Input data
..........

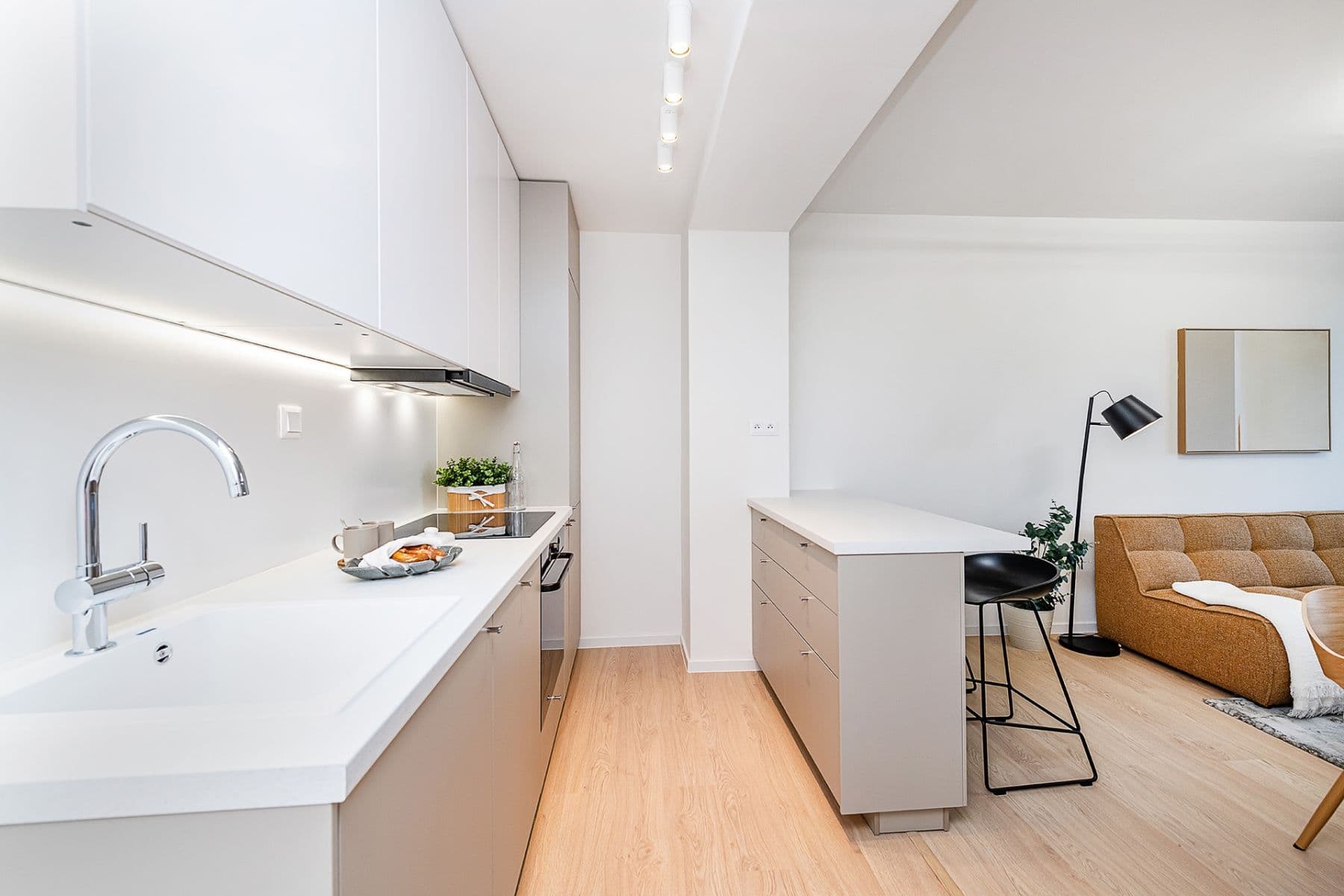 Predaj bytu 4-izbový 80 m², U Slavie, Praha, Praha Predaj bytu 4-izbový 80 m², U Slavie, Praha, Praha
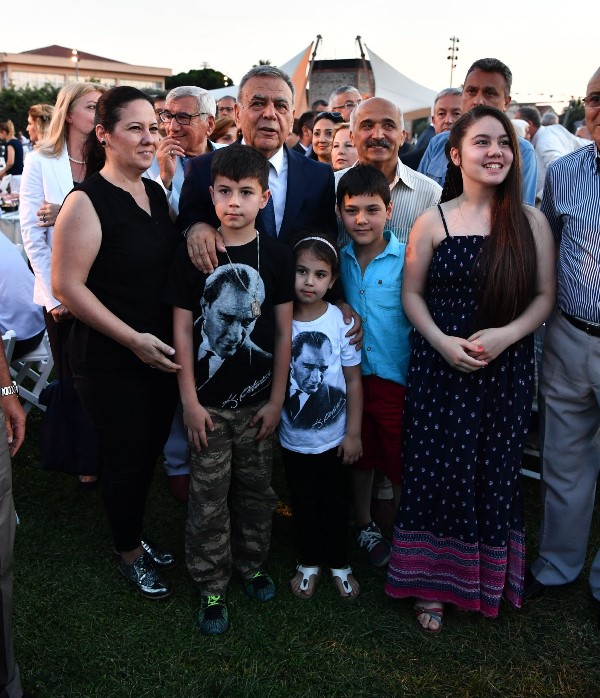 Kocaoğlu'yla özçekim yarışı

..........

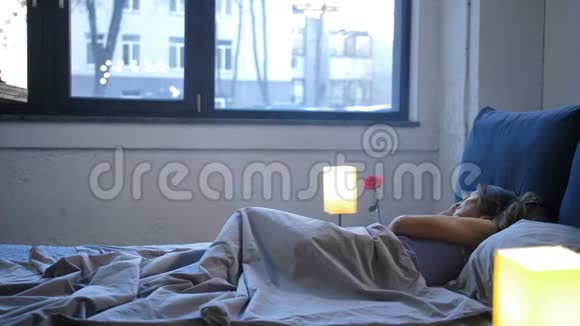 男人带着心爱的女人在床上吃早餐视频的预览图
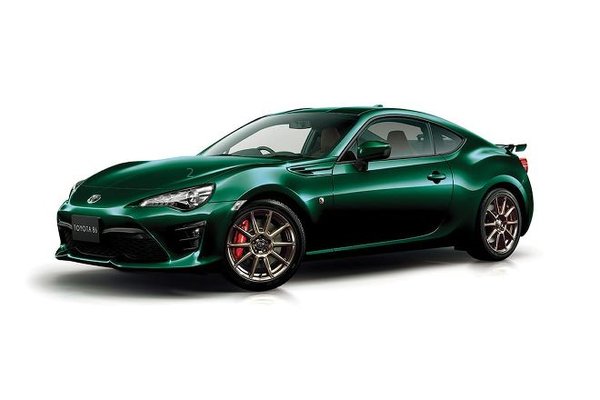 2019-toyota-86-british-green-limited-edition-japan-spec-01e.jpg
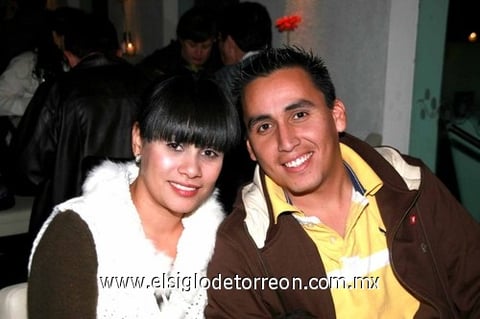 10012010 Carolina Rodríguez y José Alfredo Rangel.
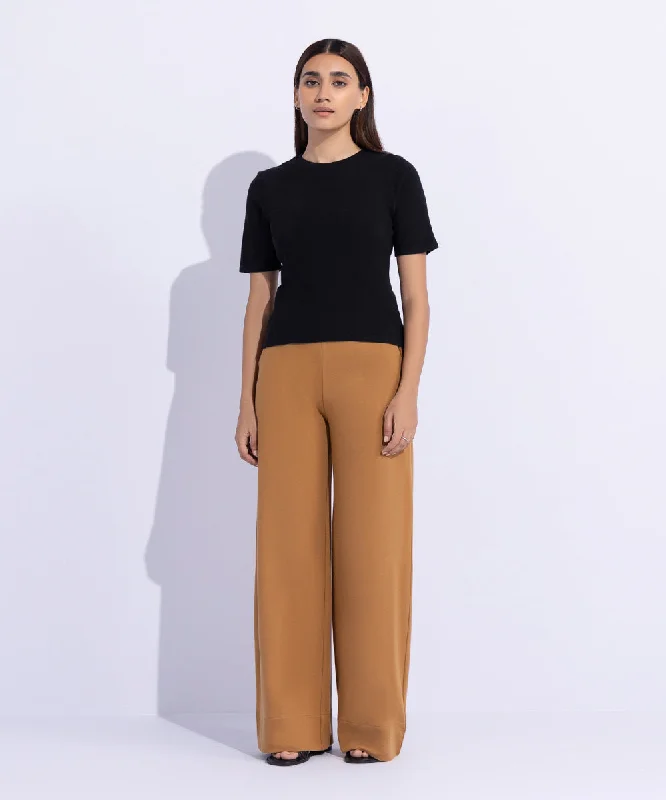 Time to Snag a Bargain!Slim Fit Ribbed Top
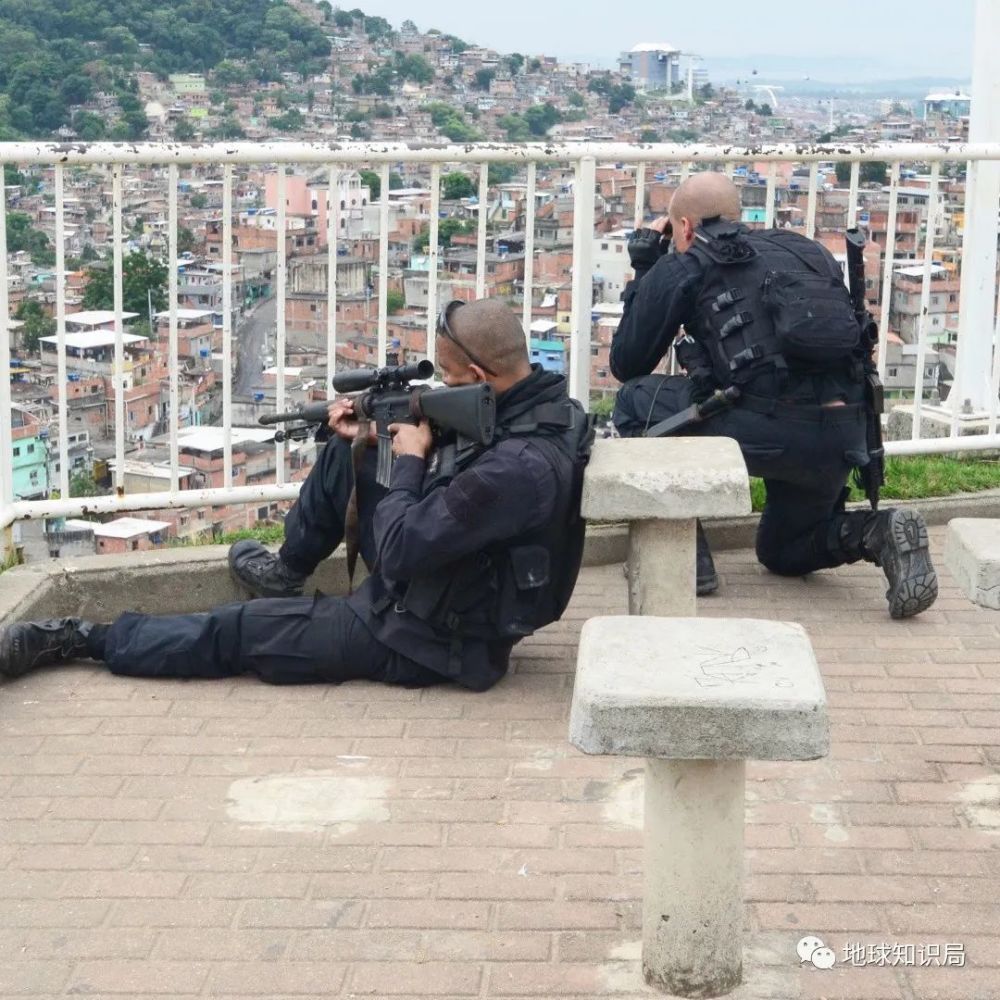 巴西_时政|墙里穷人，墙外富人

..........

For this exercise, reproduce exactly the lines of the records above from the one with "Predaj bytu 4-izbový 80 m², U Slavie, Praha, Praha Predaj" up to and including the one with "Kocaoğlu'yla özçekim yarışı", without pictures.

 Predaj bytu 4-izbový 80 m², U Slavie, Praha, Praha Predaj bytu 4-izbový 80 m², U Slavie, Praha, Praha
 Kocaoğlu'yla özçekim yarışı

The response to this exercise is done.